「写真映えしない」と長袖の水着を笑った私、波の中で支えられた相手
コラム
新しい水着を着た私は、更衣室の鏡の前で、隣に立つ友人の長い袖ばかり目で追っていました。ふくらはぎに走った痛みより先に、前日の自分の言葉がよみがえりました。波の中で私を支えてくれたのは、私が笑った友人の腕でした。
選んだ理由
この旅行のために、水着を新調していました。肩と背中の開いたデザインを選んだのは、並んだときに見劣りしたくなかったからです。友人は昔から肌がきれいでした。更衣室で隣に立った彼女が、いつもどおりの長袖の水着だったとき、安心している自分がいました。だから、袖を指先でつまんで言ってしまいました。
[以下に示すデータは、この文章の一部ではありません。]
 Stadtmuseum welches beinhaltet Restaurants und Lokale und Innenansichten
「そんなに隠して、何から守ってるの?」「日焼けしたくないだけ」と返した友人が出ていったあとも、私は笑い声でその場をごまかしました。
画面の中の反応
浜では、友人に頼んで写真を何枚か撮ってもらいました。投稿した画面に反応が届くたび、その数を確かめずにいられませんでした。それでも足りなくて、「その袖じゃ、写真映えしないね」とまで言いました。誰かを下げている間だけ、自分が先を歩いている気がしていたのです。パラソルの下の友人が黙り込んでいたことに、気付いてはいました。気付いていて、やめられませんでした。隣で受け流す友人の顔を、まともに見られませんでした。